By Josh Rogers
With Elizabeth O’Brien
Officials with the Lower Manhattan Development Corp. said Wednesday that the proposed wall blocking the World Trade Center memorial from Battery Park City has been removed from the design, satisfying a neighborhood concern about the plan.
“There won’t be a wall,” Andrew Winters, L.M.D.C.’s vice president for planning, design and development, told Downtown Express after the corporation’s board meeting June 2.
Winters told board members that working together, all of the parties were able to keep the memorial within three feet of the surrounding sidewalks on West, Greenwich, Liberty and Fulton Sts. Afterwards, he said the proposed wall on West St. would not need to be built.

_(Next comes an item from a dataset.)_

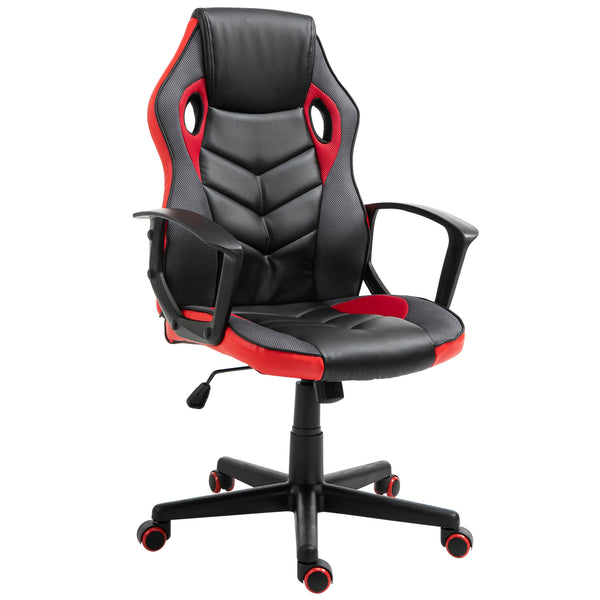 Drehbarer Gaming-Stuhl in schwarzem und rotem Kunstleder prezzo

Because Greenwich is significantly higher than West St., it was not an easy problem to solve.
Winters said there may be a ramp or steps at Liberty and West Sts., the southwest corner of the site, where the difference in height would be a maximum of three feet. “We’re going to try and push it down lower than that,” he said.
The L.M.D.C. board also approved the World Trade Center site’s general project plan, setting the stage for the start of construction of the Freedom Tower on July 4. The corporation’s advisory committee on the memorial center, made up of historians, preservations, relatives of the victims of 9/11 and residents, also released recommendations for the underground center, including using a remnant from the World Trade Center as a “signpost and icon” at street level to mark the center.

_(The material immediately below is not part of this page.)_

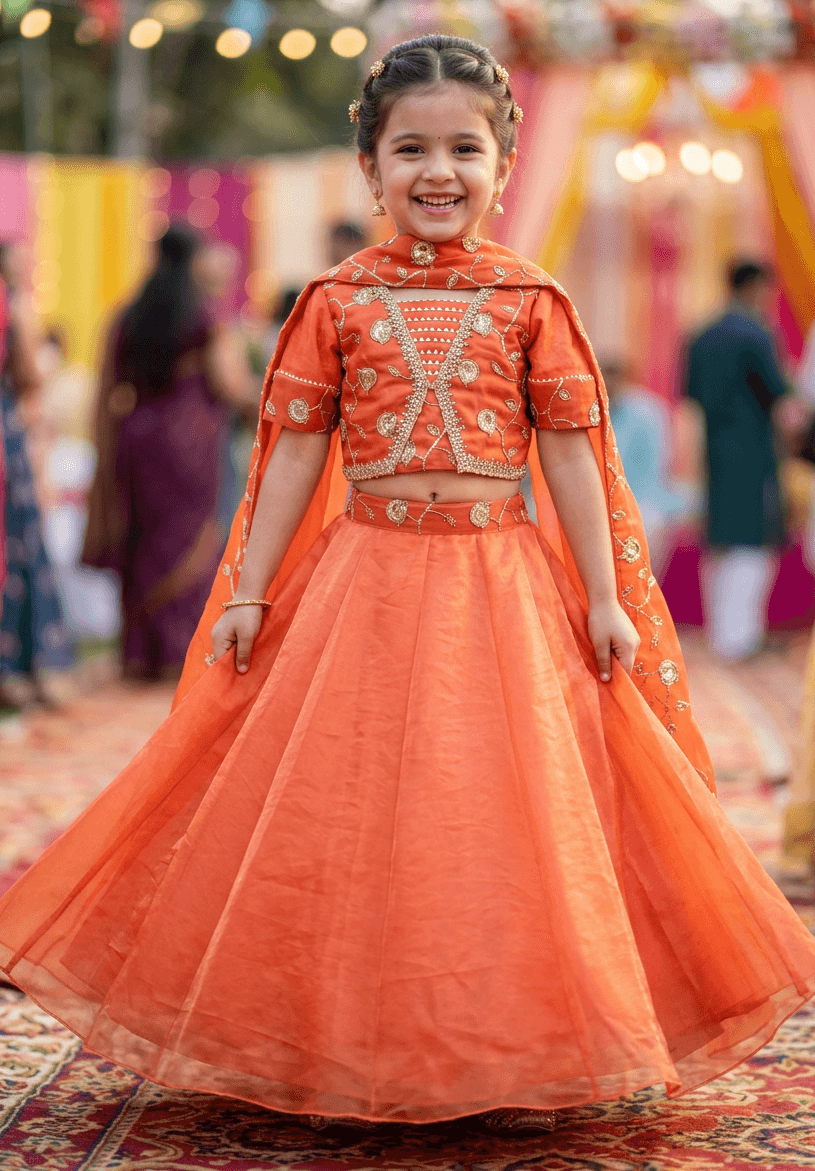 Orange Designer lehenga choli set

Winters’ comments about the wall was welcomed news by two Downtown residents and leaders who had opposed it, Madelyn Wils and Julie Menin.
“That’s great news,” Wils, an L.M.D.C. board member and the chairperson of Community Board 1, said at the meeting, which also marked Winters’ last day at the L.M.D.C. Winters has taken a job with NYC 2012, the group working on bringing the Olympics to New York and Betty Chen has just been promoted to his position.
Menin, who was one of the 13 jurors who selected Michael Arad’s “Reflecting Absence” memorial design at the beginning of this year, said the wall was added immediately after the jury’s decision and she was pleased to see it go.
“The wall was extremely problematic,” said Menin, who is also the president of Wall Street Rising, a Downtown business group. “In no way was it part of the design that the jury selected.”
She said it blocked access between Battery Park City and the World Trade Center site and would have worked against the efforts to improve conditions for pedestrians.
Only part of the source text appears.